TO DO →
The copy has to match the data exactly and leave out every picture.
(Beginning of SUPPLIED MATERIAL)
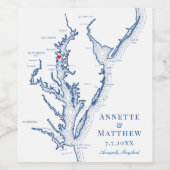 Annapolis Chesapeake Bay Map Elegant Navy Wedding Wijn Etiket (Enkel label)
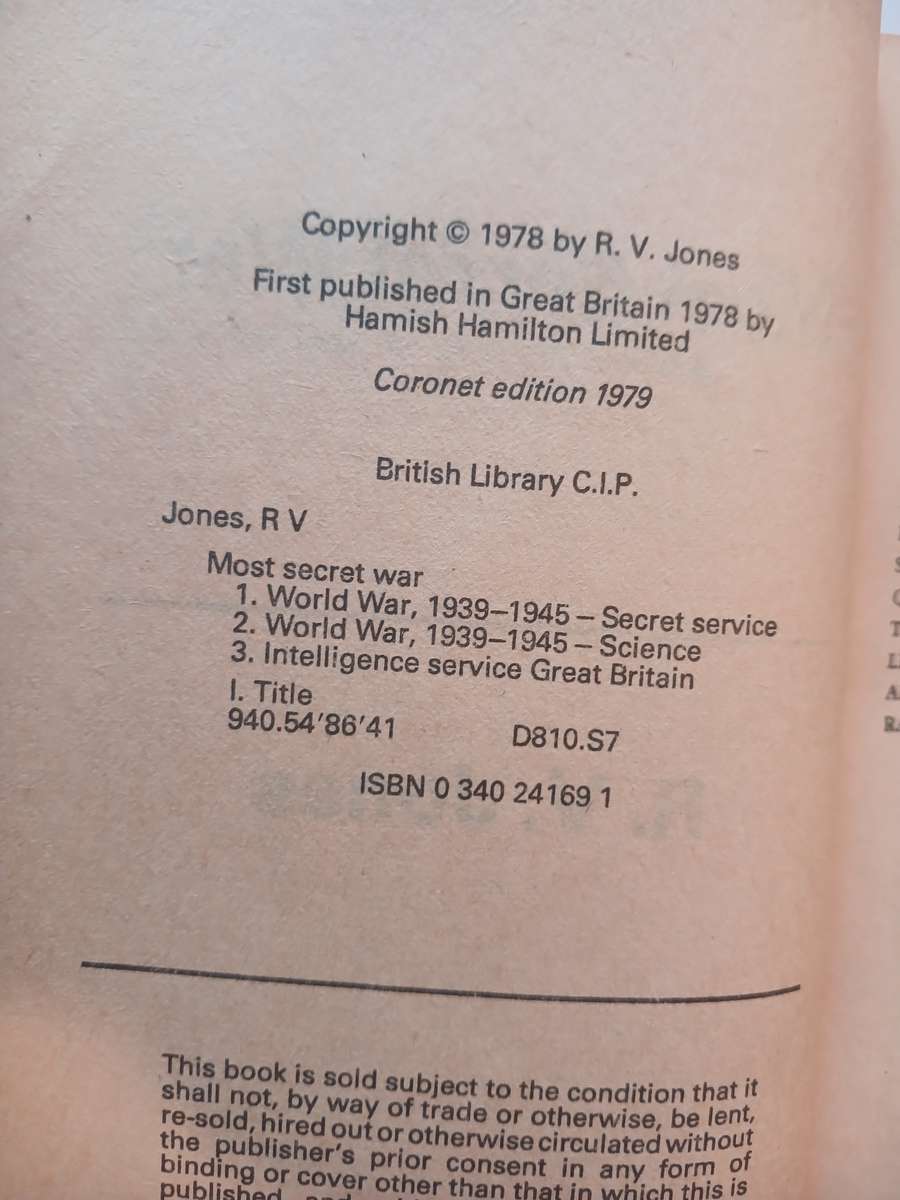Most Secret War, British Scientific Intelligence 1939-1945 by R.V. Jones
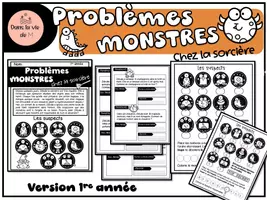 Aperçu - Préparation de séance / Séance complète - Problèmes MONSTRES chez la sorcière CP mathématiques - Page de couverture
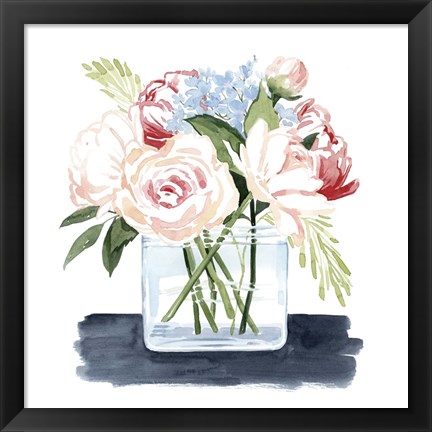 Framed Loose Watercolor Bouquet I Print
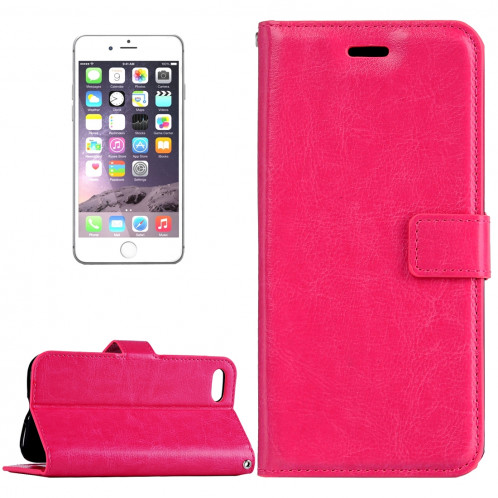 Pour iPhone 8 Plus et 7 Plus Crazy Horse Horizontal Housse en cuir flip avec boucle magnétique et titulaire et fentes pour cartes et porte-monnaie et cadre photo (magenta) SF120M1826-38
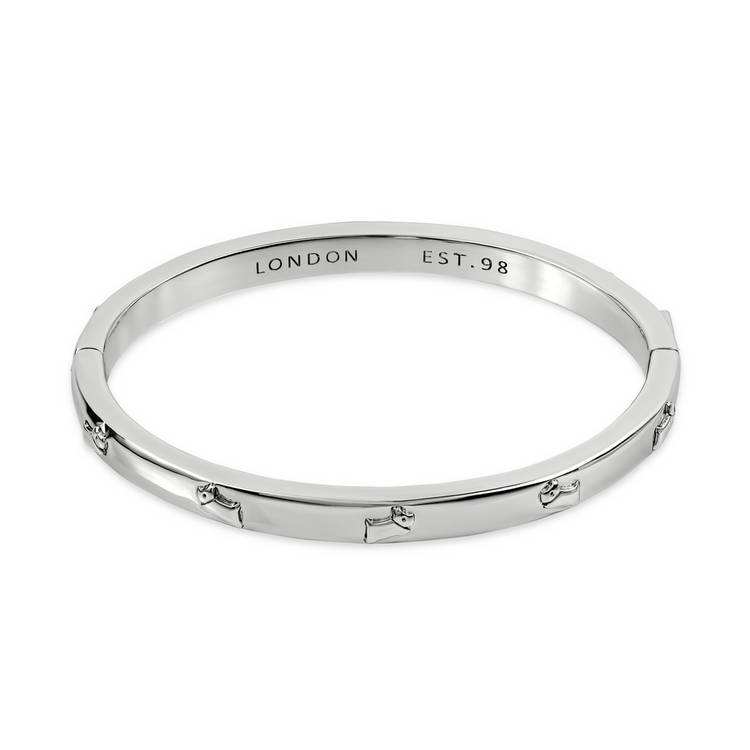 Radley silver plated jumping dog bangle, UK version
(End of SUPPLIED MATERIAL)
EXERCISE RESULT →
 Annapolis Chesapeake Bay Map Elegant Navy Wedding Wijn Etiket (Enkel label)
Most Secret War, British Scientific Intelligence 1939-1945 by R.V. Jones
 Aperçu - Préparation de séance / Séance complète - Problèmes MONSTRES chez la sorcière CP mathématiques - Page de couverture
 Framed Loose Watercolor Bouquet I Print
 Pour iPhone 8 Plus et 7 Plus Crazy Horse Horizontal Housse en cuir flip avec boucle magnétique et titulaire et fentes pour cartes et porte-monnaie et cadre photo (magenta) SF120M1826-38
 Radley silver plated jumping dog bangle, UK version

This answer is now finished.